Pope Francis has decreed that slain Salvadoran archbishop Oscar Romero was killed out of hatred for the faith, approving a martyrdom declaration that sets the stage for his beatification.

Francis approved the decree at a meeting Tuesday with the head of the Vatican's saint-making office.

Romero, the archbishop of San Salvador, was gunned down by right-wing death squads in 1980 while celebrating Mass. He had spoken out against repression by the Salvadoran army at the beginning of the country's 1980-1992 civil war between the right-wing government and leftist rebels.

Romero's beatification cause languished under Popes John Paul II and Benedict XVI over the Vatican's opposition to liberation theology, the belief that Christ's teachings justify fights against social injustices.

Both John Paul and Benedict however spoke of Romero as a martyr; such a designation by the Vatican would mean he can be beatified without the Vatican confirming a miracle attributed to his intercession.

Pope Francis "unblocked" the cause soon after being elected

"Pope Francis always had great admiration and total conviction that Romero was a martyr, that he was a saint," Monsignor Gregorio Rosa Chávez, auxiliary bishop of San Salvador said in 2013.

"There is an overwhelming majority of bishops who are in favor of (Romero's) canonization and the Pope knows that this decision brings immense joy for the whole church," he added.

Traditionally, the church has restricted the martyr designation to people who were killed out of hatred for the Catholic faith.
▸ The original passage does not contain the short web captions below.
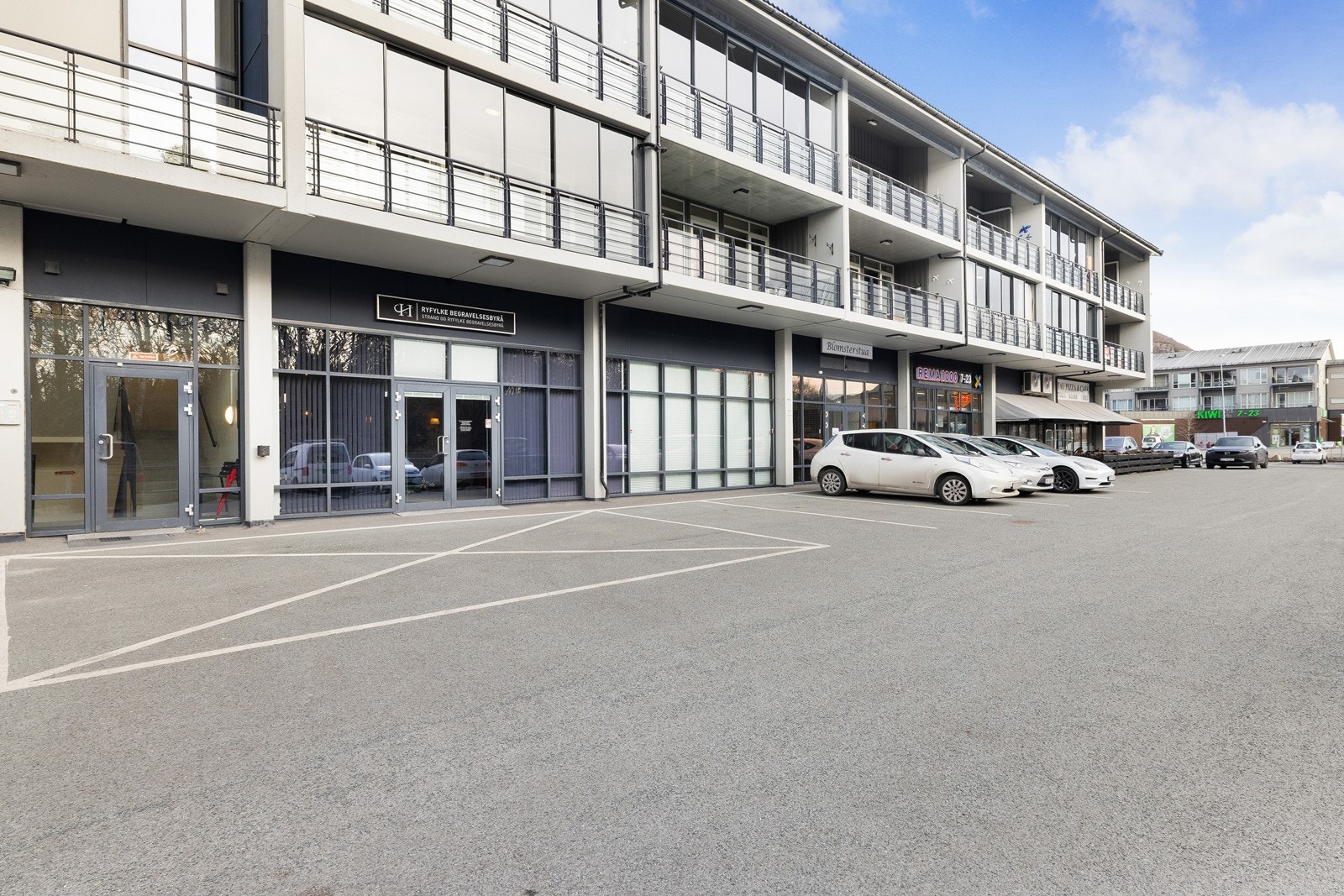 Remagården inneholder flere butikker, og man har kort vei til både bussholdeplass, park, skoleområdet og flotte turområder. Galleribilde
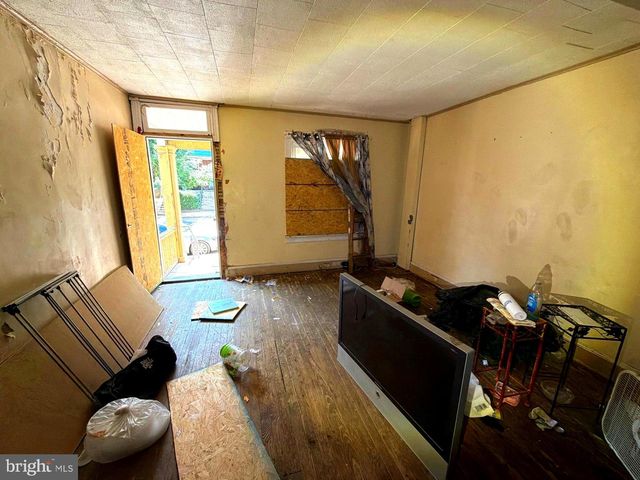 670 SOUTHARD ST, Trenton, NJ 08638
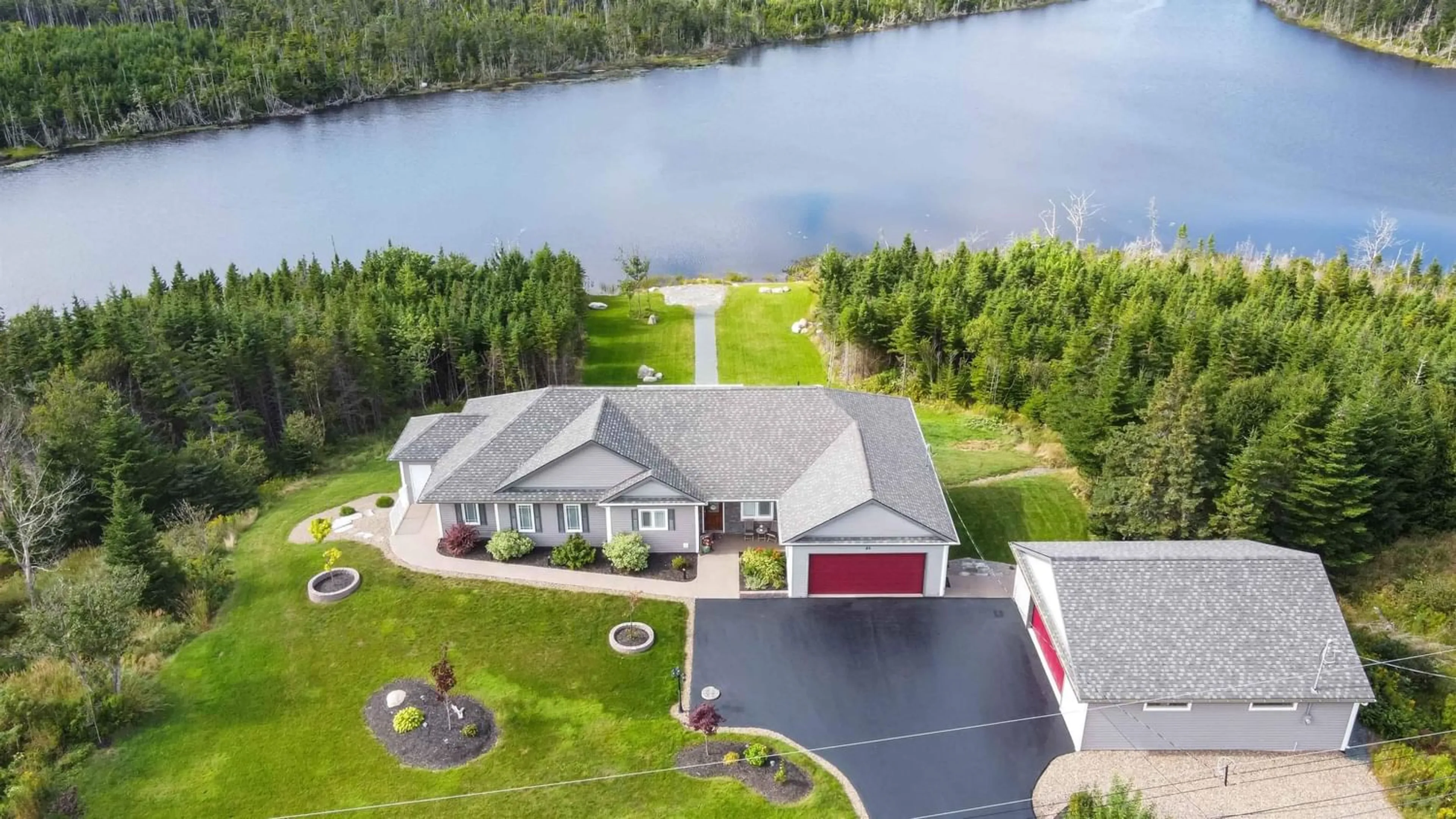 Cottage for 85 Oceanic Dr, East Lawrencetown Nova Scotia B2Z 1T6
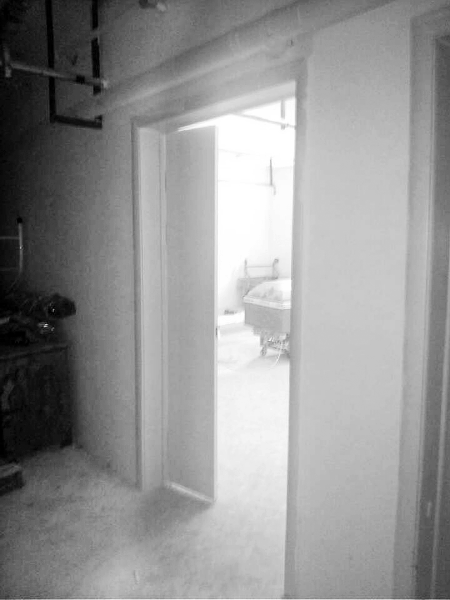 原有的太平間被扒了，又新建了一個(gè)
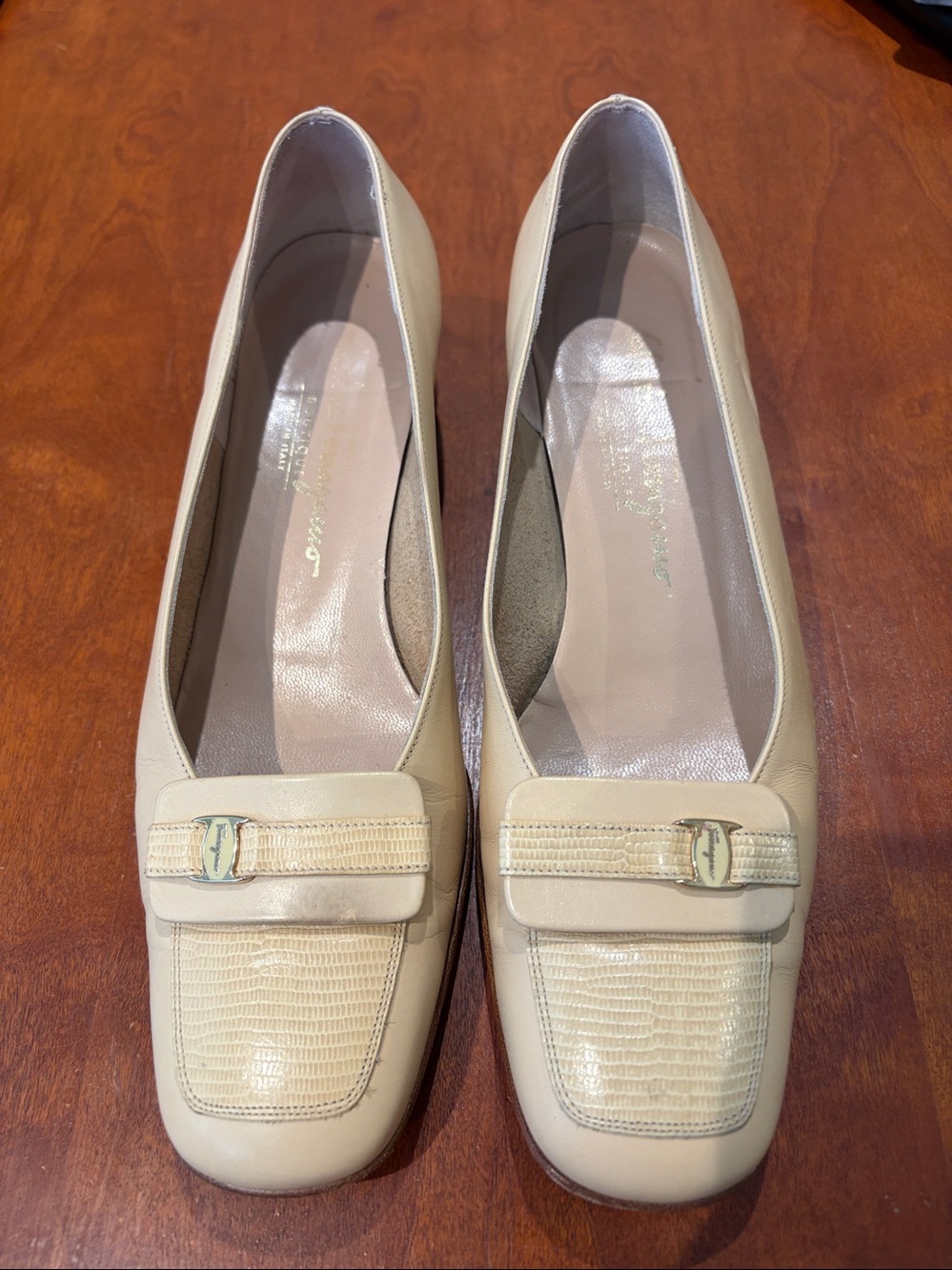 Salvatore Ferragamo Beige Leather shoes
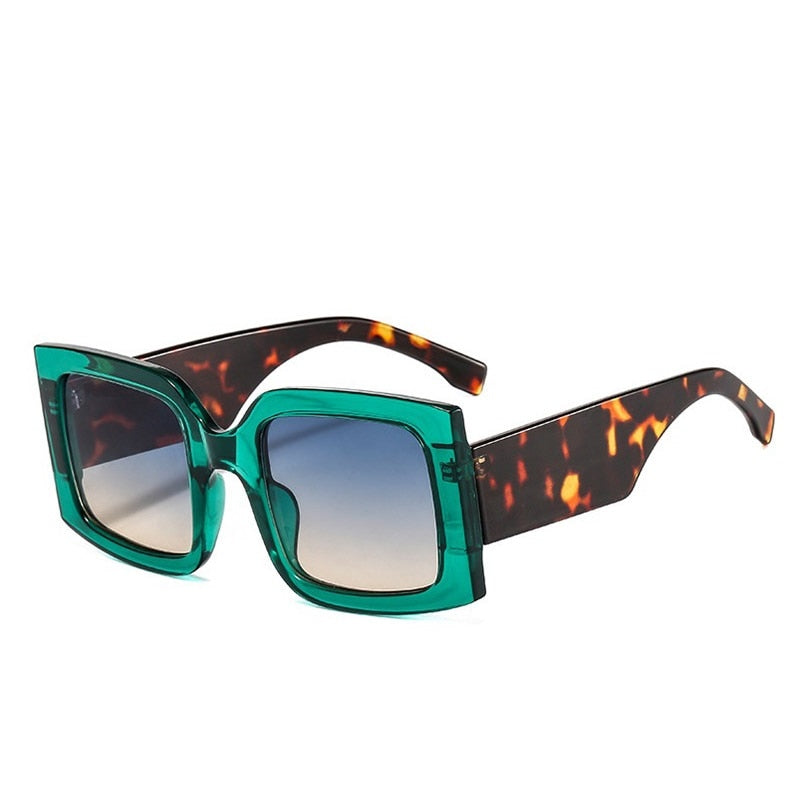 Dames Zonnebril Groot Statement Model Met Kleurrijk Frame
Francis said he wanted theologians to study whether those who were killed because of their actions doing God's work could also be considered martyrs.

The decree signed Tuesday by Francis makes clear that Romero was a martyr in the classic sense, killed out of hatred for the faith.

"What I would like is that they clarify when there's a martyrdom for hatred of the faith — for confessing the faith — as well as for doing the work for the other that Jesus commands," Francis said.

Romero is a hero to many Catholics in Latin America.

"This is the best gift they can give us Salvadorans," said Maria Teresa Sanchez, a street vendor in San Salvador said when Pope Francis cleared the way for beatification. "Romero is a saint, and now the Pope is going to ratify that."

No date for the beatification has been set. Francis has all but ruled out celebrating it himself, saying recently that it would be up to the head of the saint-making office, Cardinal Angelo Amato, and the prelate who for decades has spearheaded Romero's cause, Monsignor Vincenzo Paglia, to decide who would get the honor.

Paglia was to meet with reporters Wednesday to discuss the historic case.